1990年に東海村で発生した臨界事故の被曝治療を記録した一冊だ。この事故はずさんな作業管理のため、瞬間的に極小の原子炉が出現し、3人の作業者が至近距離で被ばくしたというものだ。亡くなった方の被曝線量は20シーベルトと推定され、これは一般人が1年間に浴びる限度の2万倍にあたるという。
3人が被曝したのは中性子線だ。体内被曝をするアルファ線とちがい、中性子線は外から身体を貫く。大量の中性子を浴びた人の遺伝子は瞬時にずたずたになり、修復不能になる。
事故直後は健康体に見えた患者も、83日後に亡くなるときには心臓以外のすべての臓器と、皮膚や筋肉までもが破壊され尽くされていた。その間も骨髄移植や大量輸血など、あらゆる処置が施された。亡くなる20日前には、皮膚から浸みだす体液や下血で一日に10リットルの水分が体の外に漏れだしていたという。

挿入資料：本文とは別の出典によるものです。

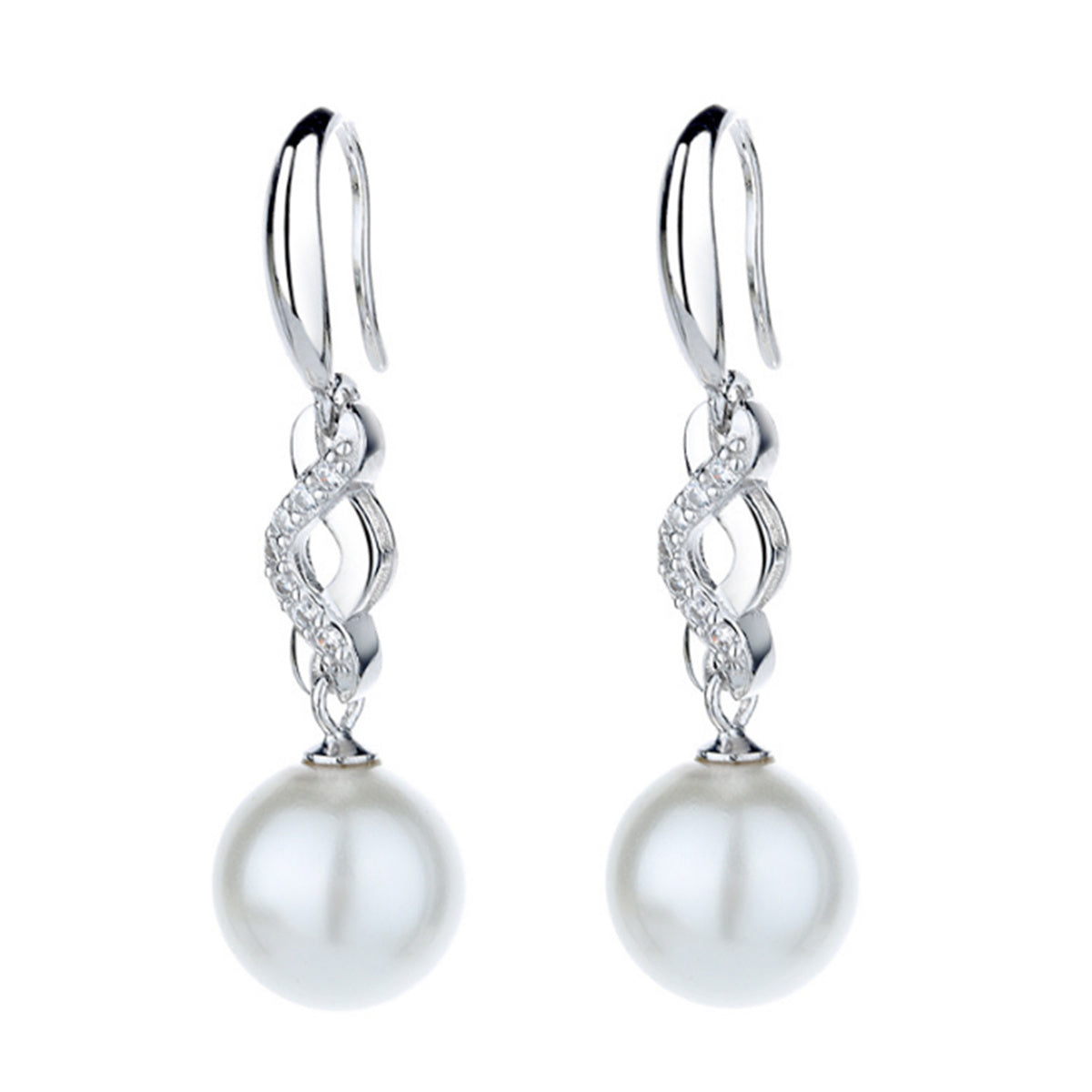 Silver Pearl Earrings for Women Dangle Drop Earrings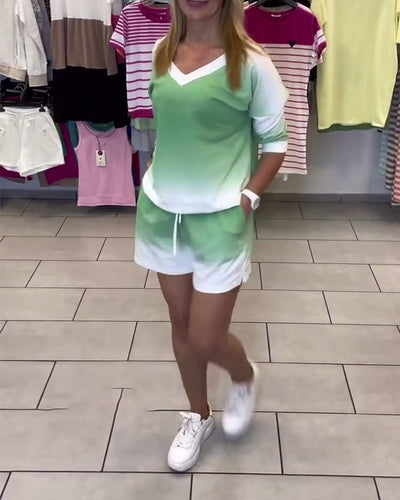 Set Langarm V-Ausschnitt Farbverlauf Sport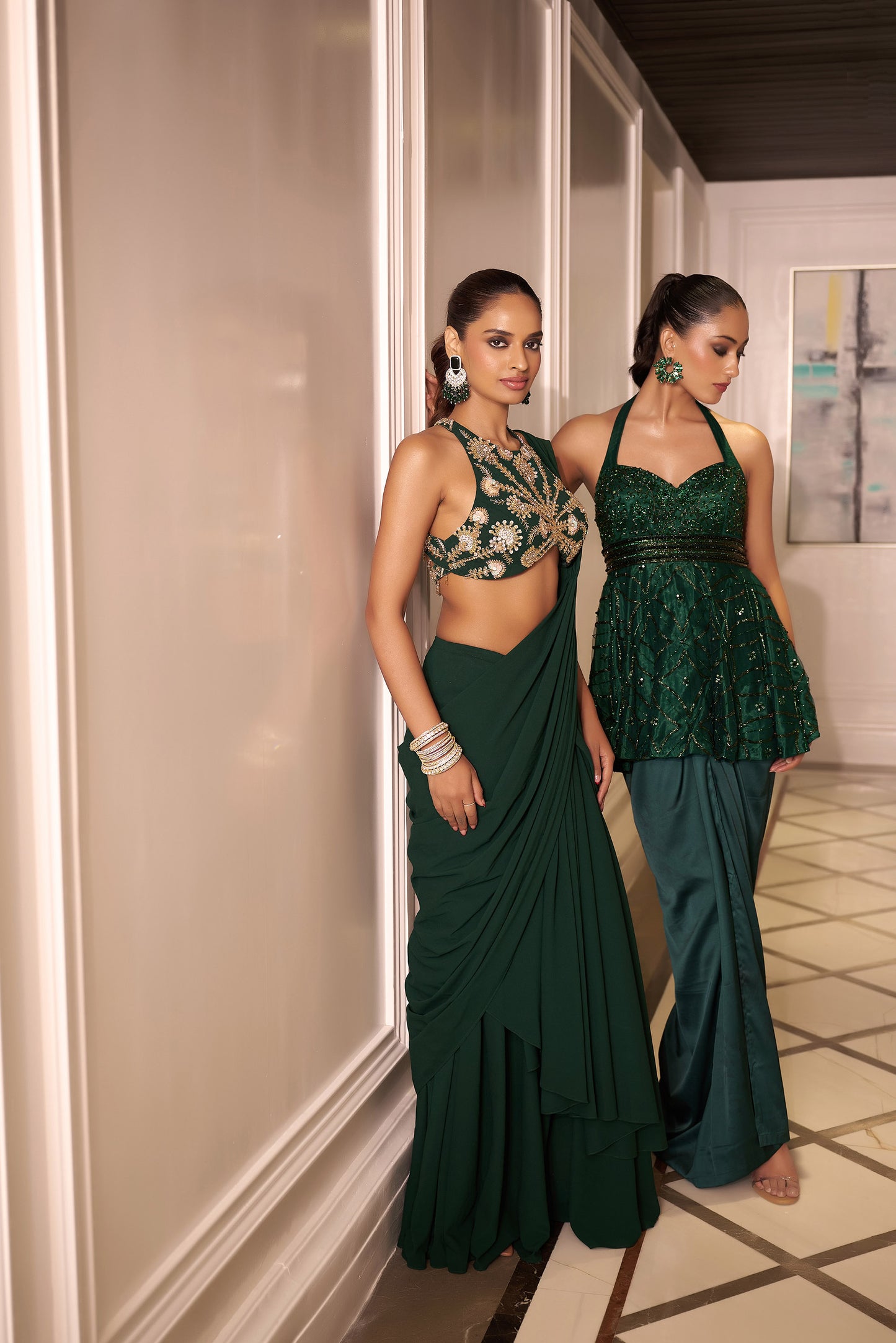 Green Siya saree set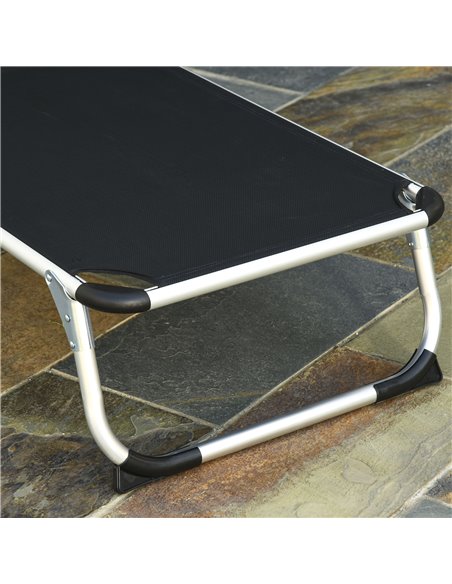 Outsunny 2 Pieces Foldable Sun Lounger with Pillow, 5-Level Adjustable Reclining Lounge Chair, Aluminium Frame Camping Bed Cot,  - pic 42202 | FastDaddyshop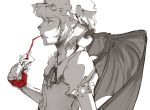  blood drink drinking fang hat monochrome plus-kitsch remilia_scarlet short__hair short_hair solo spot_color straw touhou vampire wings 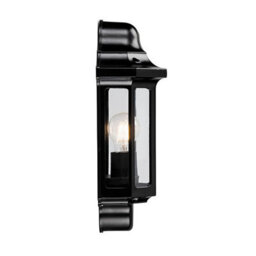 Luminosa Lighting Luminosa Traditional Outdoor Wall Lantern Satin Black Paint, Clear Polycarbonate Ip44, E27 - thumbnail 3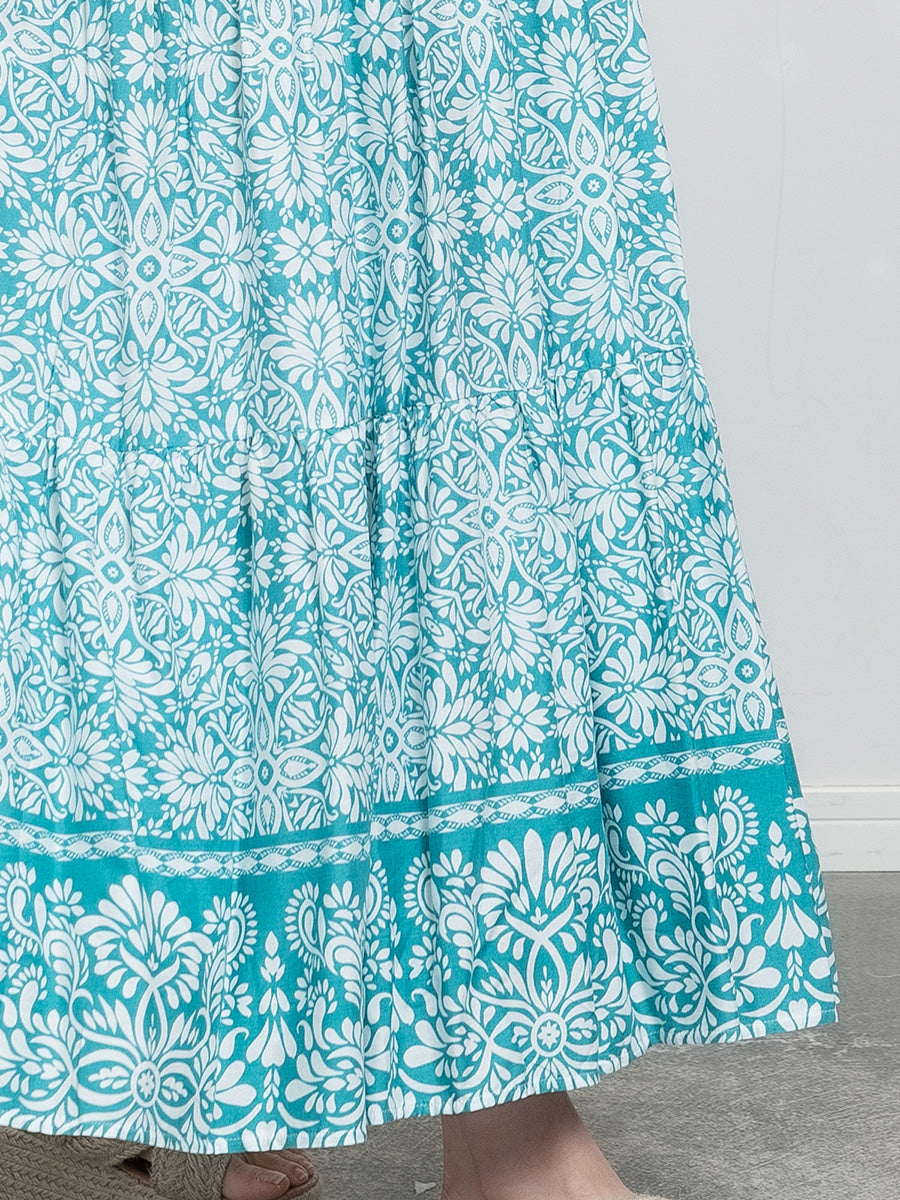 roomy by the sea(ルーミーバイザシー)タイル柄半袖フレアマキシ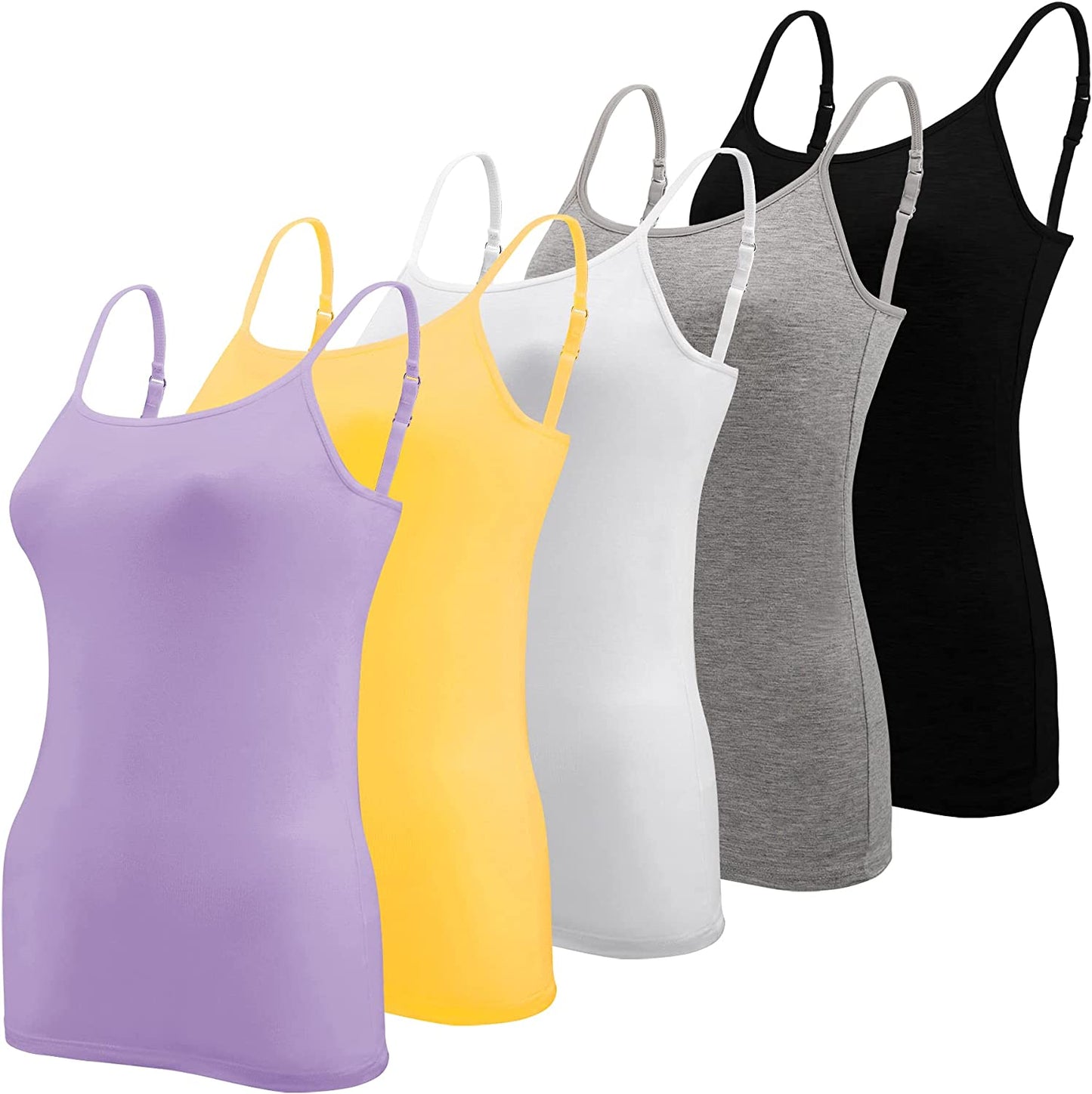 5 Pcs Women's Camisole Tank Top Undershirt Spaghetti Strap Basic Camisoles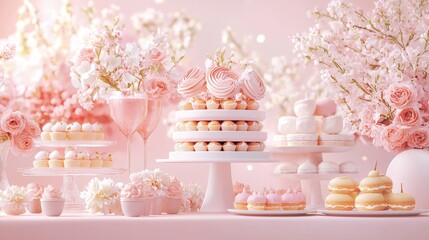 Elegant dessert display featuring pastel cakes, macarons, and floral arrangements in a dreamy, pink setting.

文庫版の解説をしている柳田邦男氏は自身が取材しつづけている原爆被害者とチェルノブイリ原発事故も引き合いにだしながら「大量の放射線が人間にもたらすものについて、わかったつもりになっていた。そのわかったつもりを打ち砕かれたのが、本書によってだった」を書いている。3月11日以来、連日の報道でわかったつもりになっている日本人全員があらためて読み返すべき本である。